A crise do Senado com o caso Renan Calheiros, presidente da Casa, não afeta o PT, afinal o PMDB é um aliado?


José Genoíno: Em primeiro lugar, a coalizão com o PMDB é fundamental e eu defendo essa política. O governo tem que ter uma maioria estável para aprovar as medidas necessárias, como agora nós temos que aprovar a CPMF e tivemos que aprovar todas as medidas provisórias do PAC. Segundo, essa questão do Senado está extremamente politizada, tem uma queda de braços extremamente politizada. Eu não participo da vida interna do Senado, estou apenas acompanhando e prefiro não emitir juízo sobre a situação específica do Renan com a imprensa e da imprensa com ele. Esse é um problema que o Senado vai avaliar e tomar as decisões que deve tomar. Do ponto de vista do Governo Lula, nós temos uma aliança política. O PMDB participa do governo, está correto de fazer isto, e devemos, inclusive, no processo político, confirmar essa coalizão. Temos uma coalizão de partidos a esquerda como o PCDB, o PSB e o PDT, e temos uma coalizão que vai ao PMDB. Isso é importante e vou defendê-la, mesmo sabendo que toda a frente tem problemas e dificuldades, mas é assim que na democracia a gente governa. Com negociação, com acordos, com os espaços políticos para os partidos participarem do governo.

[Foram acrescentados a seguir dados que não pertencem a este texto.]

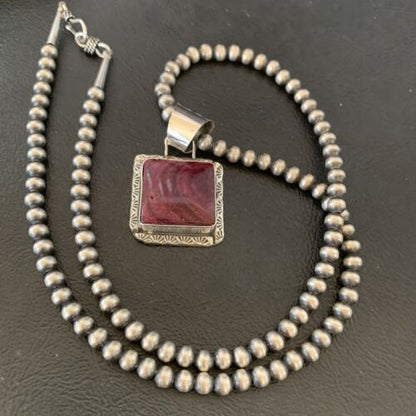 Navajo Pear Purple Spiny Oyster Pendant Necklace | Sterling Silver | Authentic Native American Handmade | 10951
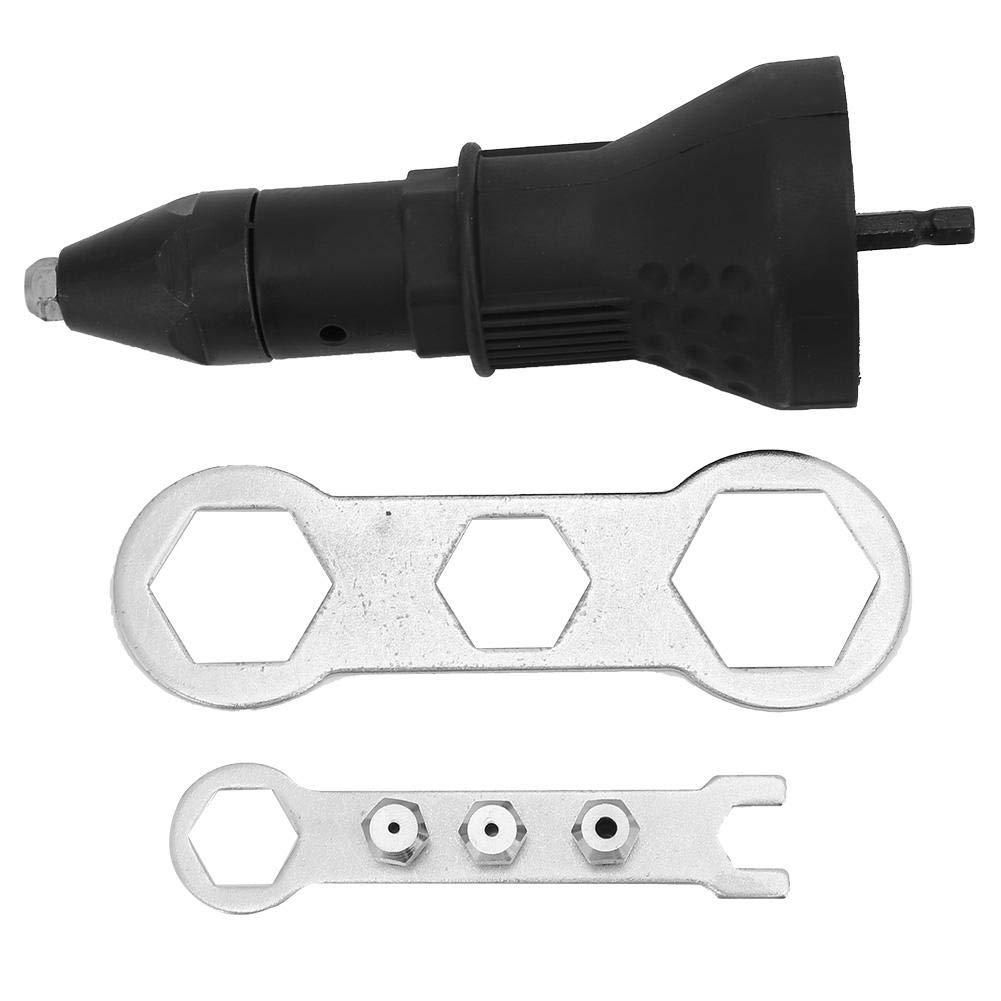 FTVOGUE Cordless Electric Rivet Gun Tool Kit - 2.4~4.8mm Rivet Nut Setter for Drill Adapter | Heavy Duty Metal Fastening | Perfect for Automotive, HVAC & DIY Home Projects [Black]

O senhor é candidato à Prefeitura de São Paulo?


José Genoíno: Não sou candidato. Eu tomei uma decisão de ser apenas deputado. Não sou candidato majoritário, não quero ir para governo e nem voltar para a direção do partido. Sou apenas deputado federal e quero priorizar minha ação hoje com o contato com a militância de base do partido, que é uma coisa preciosa, e com a relação dessa militância com os movimentos sociais.




José Genoíno: Eu não posso emitir um juízo de valor de uma questão regional que eu não domino, não conheço. Prefiro não fazer nenhum juízo sobre esta disputa. Eu tenho, com relação ao Zeca, um conhecimento de longa data e acho que ele fez um grande governo no Mato Grosso do Sul. E na política, a gente tem sempre que partir da idéia de que os problemas têm que ser resolvidos na base do diálogo.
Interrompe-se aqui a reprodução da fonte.